Hospital hackers publish private patient info
Hospital hackers publish private patient info
The group of hackers behind last month's attack that shut down the computer systems at Mayanei Hayeshua Medical Center in Bnei Brak released a huge data file that includes patient IDs and phone numbers along with sensitive medical information. A gag order was issued on the details of the investigation
The group of hackers that shut down Mayanei Hayeshua Medical Center's computer systems last month uploaded a 402GB file to the dark web that contains personal details of patients stolen from the hospital. According to them, they plan to publish more data in the coming days. "The hospital staff does not care about the privacy of their patients," they wrote in the message they published. The matter is under investigation by the police, and a restraining order was issued on the details of the investigation and the information that was revealed.
On August 8th, Mayanei Hayeshua hospital's computer systems were shut down following a cyber attack. A few hours later, the hospital announced that the attack had been contained, however later it was announced in a joint statement with the National Cyber Directorate that there was a fear of information leakage as a result of the attack.
Last night, the group of hackers behind the attack, Ragnar Locker, published a huge data file, 402 GB in size, which according to reports includes personal details of patients such as photo IDs and phone numbers alongside sensitive medical information such as disease details, test results, accident forms and treatment referral letters.

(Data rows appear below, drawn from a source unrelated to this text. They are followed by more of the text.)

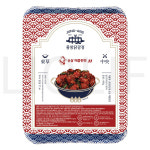 중앙닭강정 기타냉동/간편조리식품 순살 매콤한맛, 600g, 1팩 : SUPER SALE
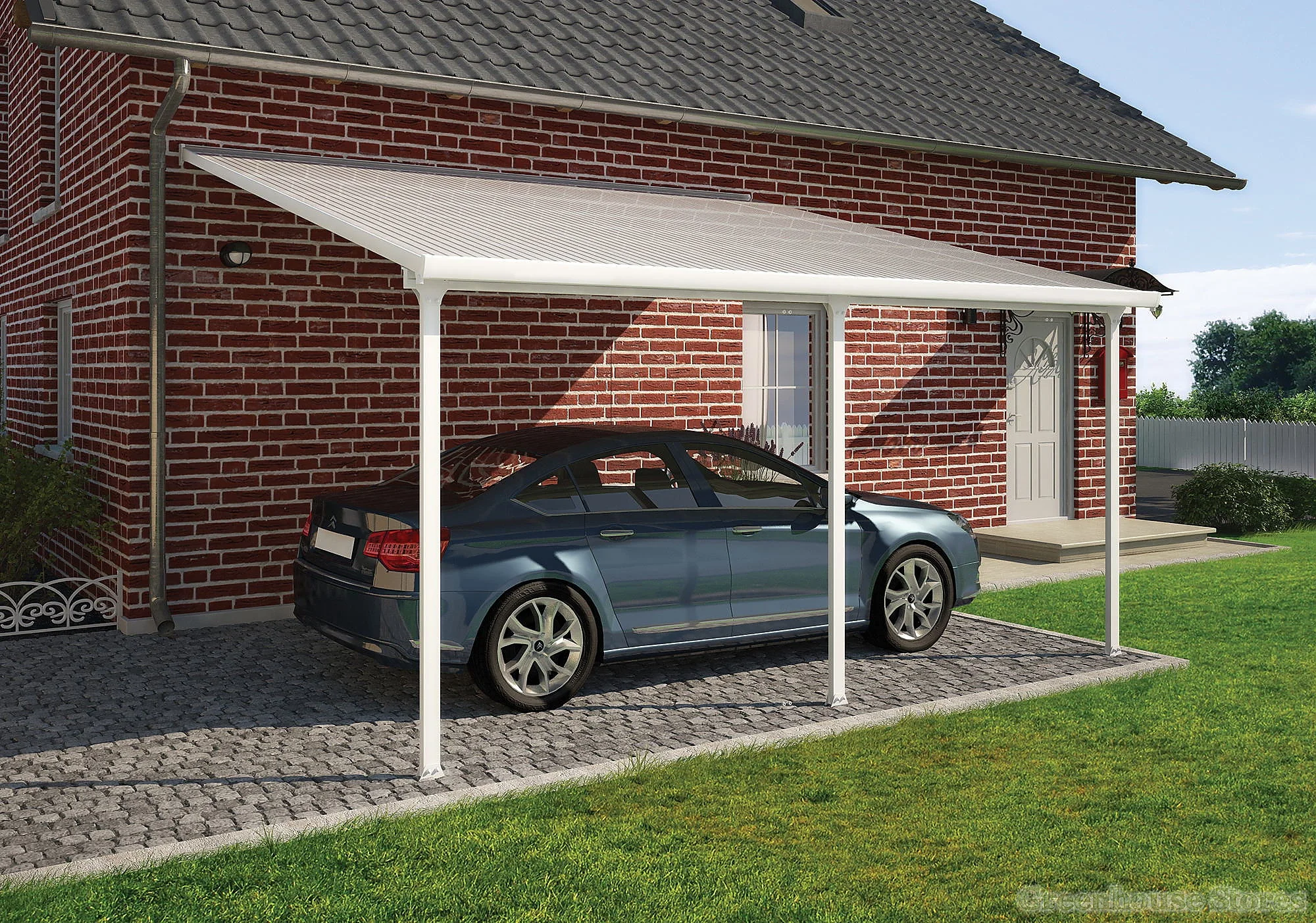 Hot Sale Used Metal Carports Sale Car Parking Shed Carport With Regular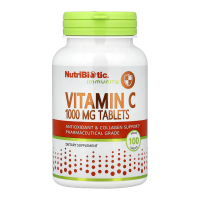 Nutribiotic Vitamin C 1000 mg - 100 tabs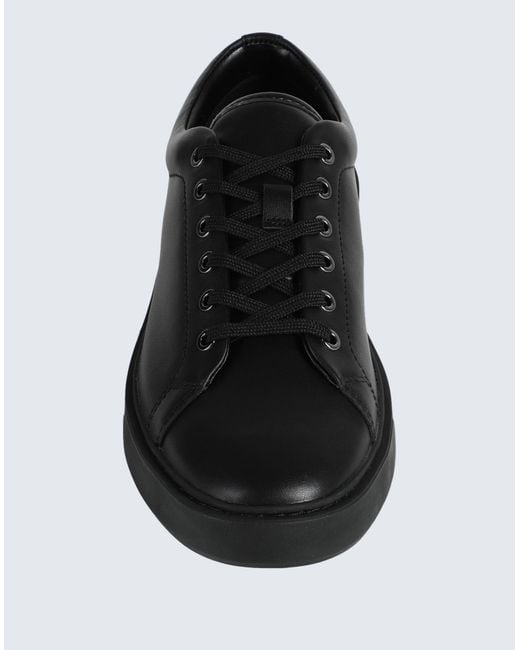Sneakers Karl Lagerfeld de hombre de color Black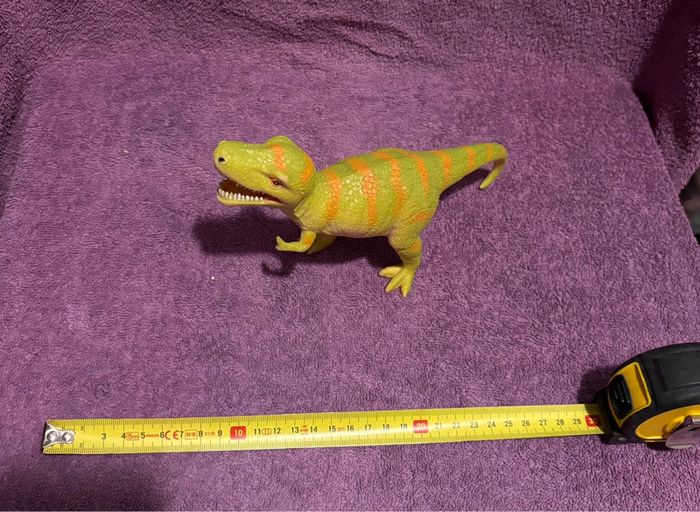 Gros lot de figurines dinosaure. - photo numéro 3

In the message they published, the hackers try to portray themselves as information security knights and claim that they had no choice but to publish the information. "We tried to draw their attention to the network problems and invited them to a discussion," they wrote. "Instead of a dialogue, they started playing tricks on us, they even tried to catch us with phishing. Really guys, seriously? So after multiple attempts to contact the management of Mayanei Hayeshua, it became clear to us that the management does not care about the privacy of their patients."
The "dialogue" the hackers are referring to was, apparently, demands to pay a ransom for the non-publication of the information, and in this context the hospital's decision to not enter into negotiations with the attackers and instead try to reveal their identity can be considered brave.
The attackers also claimed that since it was a hospital, they did not flood the information systems in order to avoid disrupting the operation of medical equipment. In addition, they clarify that they intend to publish more information: "Today we are publishing the first set of internal files, including personal information, internal emails, financial information, medical files and other very sensitive information. But that's not all. In the next 3-4 days we will reveal the complete database and a huge collection of internal correspondence."
Mayanei Hayeshua stated in response: "The hospital, in cooperation with the Ministry of Health, the National Cyber Directorate and the enforcement agencies, are continuing the investigation of the attack. The hospital has returned to full operation while strengthening the computer systems. In light of the blanket ban on publication of any related information, it is not possible at this stage to comment on the details of the investigation or the issue of the information that was published. We trust the relevant authorities and enforcement agencies to do their job faithfully. In accordance with the developments of the investigation and subject to the provisions of the court order, the hospital will operate a dedicated call center for the benefit of the patients."
The Cyber Directorate said in response: "The Ministry of Health and the National Cyber Directorate are examining the extent and nature of the leak and are guiding the hospital regarding the necessary steps it should be taking."